- Exercise data -
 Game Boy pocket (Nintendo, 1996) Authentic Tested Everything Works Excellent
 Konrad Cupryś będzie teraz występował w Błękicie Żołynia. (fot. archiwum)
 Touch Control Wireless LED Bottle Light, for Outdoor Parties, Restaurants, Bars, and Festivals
--
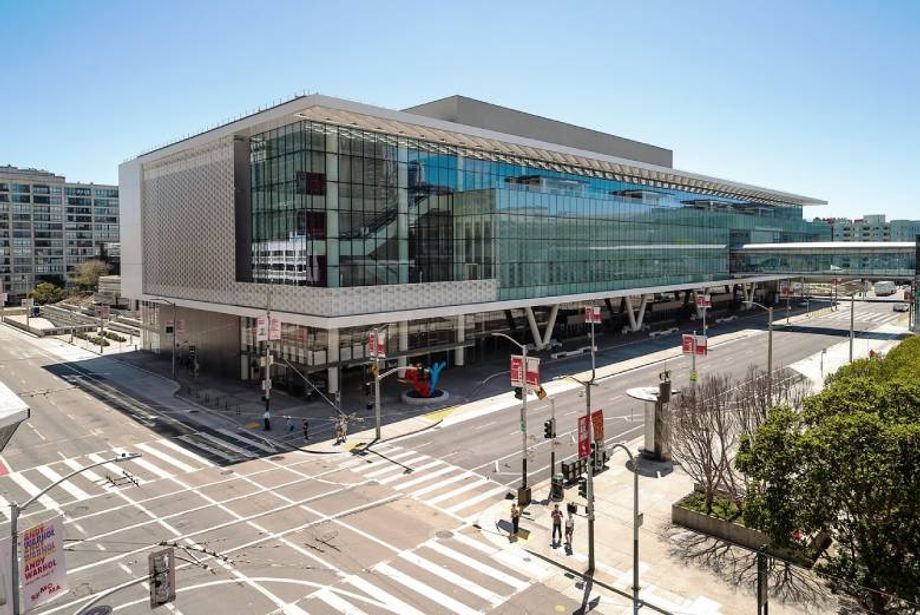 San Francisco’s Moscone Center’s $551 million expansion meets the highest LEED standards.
* * *
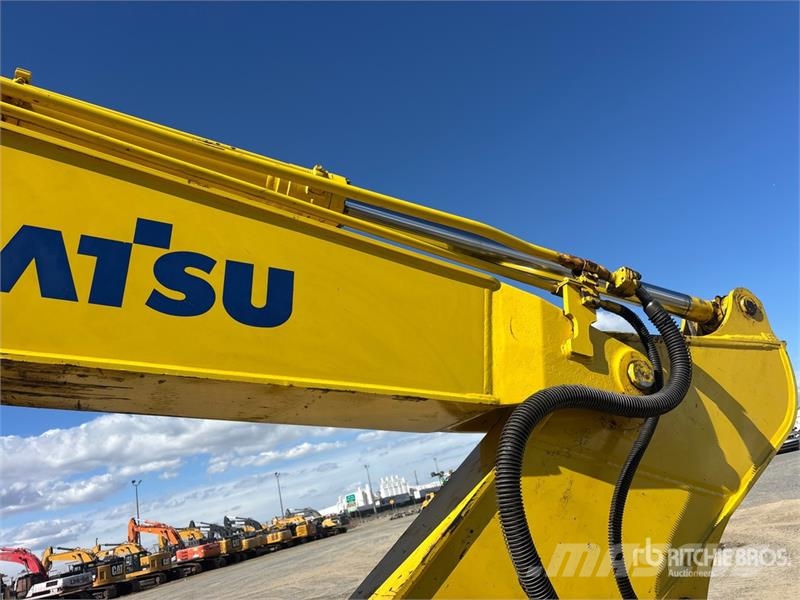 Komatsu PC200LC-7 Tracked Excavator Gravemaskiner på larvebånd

- Prompt -
Retype only the stretch of lines above starting at the one with "Game Boy pocket" and stopping at the one with "Touch Control Wireless", exactly as written, with both kept.

- Answer area -
 Game Boy pocket (Nintendo, 1996) Authentic Tested Everything Works Excellent
 Konrad Cupryś będzie teraz występował w Błękicie Żołynia. (fot. archiwum)
 Touch Control Wireless LED Bottle Light, for Outdoor Parties, Restaurants, Bars, and Festivals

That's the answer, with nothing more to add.